2

I'm trying to find evidence of use of the associated data (authenticated cleartext associated with the encrypted and authenticated data) feature offered by AEAD (Authenticated Encryption with Associated Data) construction in a real world protocol. My current understanding is that neither TLS nor SSH (secsh) make use of it, which makes sense as the protocols can also work with cipher suites not offering the feature, and only use the authenticated encryption part of AEAD.

I was unable to find any other candidate, but that may well be a me problem.

Has anyone seen use of associated data in the wild?

1
  • 1
    The double-ratchet algorithm (used in the Signal protocol) passes state information as the associated data to the AEAD cipher used to encrypt the messages. See signal.org/docs/specifications/doubleratchet for more info.
    – mti2935
    Apr 29, 2022 at 14:42

2 Answers 2

1

I've designed a system or two that used AEAD. I borrowed it as good practice from smarter crypto guys than me.

For instance, it's very useful to tie cipher text in a key:value datastore to it's key through AEAD so the system can detect if that cipher text was borrowed from elsewhere. As an attack vector, an attacker knows the value of one key and wants another key to be that value.

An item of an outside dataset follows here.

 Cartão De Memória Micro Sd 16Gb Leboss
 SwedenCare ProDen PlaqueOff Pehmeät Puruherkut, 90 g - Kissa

The LUKS manpage mentions a (experimental) mode which uses AEAD.

Edit:

Just hit me you maybe want a communication protocol. In which case,

  • Signal uses AEAD in it's double ratchet protocol.
  • Noise protocol specifies AEAD modes for AES and ChaCha
2
  • I kinda assumed it would happen in some communication protocol, but happy to see it made it in LUKS. For Noise I read "Transport messages are then encrypted and decrypted by calling EncryptWithAd() and DecryptWithAd() on the relevant CipherState with zero-length associated data." which I guess wouldn't count as using the AD in AEAD. Apr 29, 2022 at 15:06
  • 1
    It's used in the handshake portion. "Encryption with k uses some AEAD cipher mode (in the sense of Rogaway [1]) and uses the current h value as associated data which is covered by the AEAD authentication." -Noise protocol spec, section 2.2
    – foreverska
    Apr 29, 2022 at 15:09
3

Yes, absolutely. TLS uses the additional data to authenticate the packet header (RFC 8446 § 5.2). TLS 1.2 included sequence number in the additional data computation because doing so prevents replay attacks, which is now done by predictable nonces in TLS 1.3. In fact, this is the ideal situation for additional data: tying additional public data to the encrypted data to prevent tampering or replays.

2

You must log in to answer this question.

Not the answer you're looking for? Browse other questions tagged .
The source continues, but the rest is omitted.